This year, Amazon has faced a range of public relations crises tied to its warehouses, especially in the aftermath of unionization efforts across the country. However, even before this year, any good board would be concerned about safety and wages, Elson added. In 2021, Amazon announced a partnership with the National Safety Council to address common warehouse injuries like sprains and strains.
The non-binding nature of shareholder proposals is counterintuitive, McDonnell acknowledged. Legally, a board is under no obligation to adopt shareholder proposals and, if the board determines that it’s their fiduciary duty to ignore shareholder proposals that have even passed, they will.
“We’re used to democratic processes so we’re used to something passing meaning something symbolic, but legally it’s non-binding,” McDonnell said. “Fiduciary duty is doing what’s in the firm’s best interest, even if that’s not necessarily what shareholders want.”
However, even when a shareholder proposal doesn’t pass, two groups still pay attention when ESG issues come up at annual meetings: large institutional investors and analysts. Giant institutional investors are certainly in the mix at Amazon; as of this year, Vanguard holds 6.68% of the company’s shares, while BlackRock (BLK) owns 5.73% of Amazon shares.

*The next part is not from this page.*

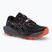 Кросівки для бігу жіночі ASICS Gel-Trabuco 13 GTX black/light ube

“People are focusing on ESG proposals more than they did, because they’re getting more votes than they did [even a few years ago],” said Elson, who added that institutional investors are the primary leaders and backers of ESG proposals in recent years.
Simultaneously, analysts also pay attention to shareholders and can sometimes downgrade stocks due to the risks that proposals highlight over time, said McDonnell. Some studies have suggested that environmental risks, for example, can be clearly linked to financial risks, and ultimately lead to downgrades that can rattle a company’s shares.
Amazon, like many tech companies, does have a major advantage when it comes to proxy standoffs. It would be deeply difficult for an activist investor to run a campaign there. If a company has dual-class stock — as tech giants like Alphabet (GOOG, GOOGL) and Meta Platforms (FB) do — a proxy fight isn’t really possible, according to Elson. In this situation, it’s difficult if not impossible for an activist to buy enough stock and build enough influence to enact change at the company.
Though Amazon has a straight stock structure, he says, the giant section of the stock that founder and ex-CEO Jeff Bezos owns is a logistical deterrent for activists.
That said, never’s a long time, says Elson.
“Shareholder proposals are reflective of shareholder sentiment and, if you ignore it long enough, you theoretically could end up in a proxy fight, which would be difficult at Amazon but, if there’s enough shareholder sentiment, a lot’s possible,” he said.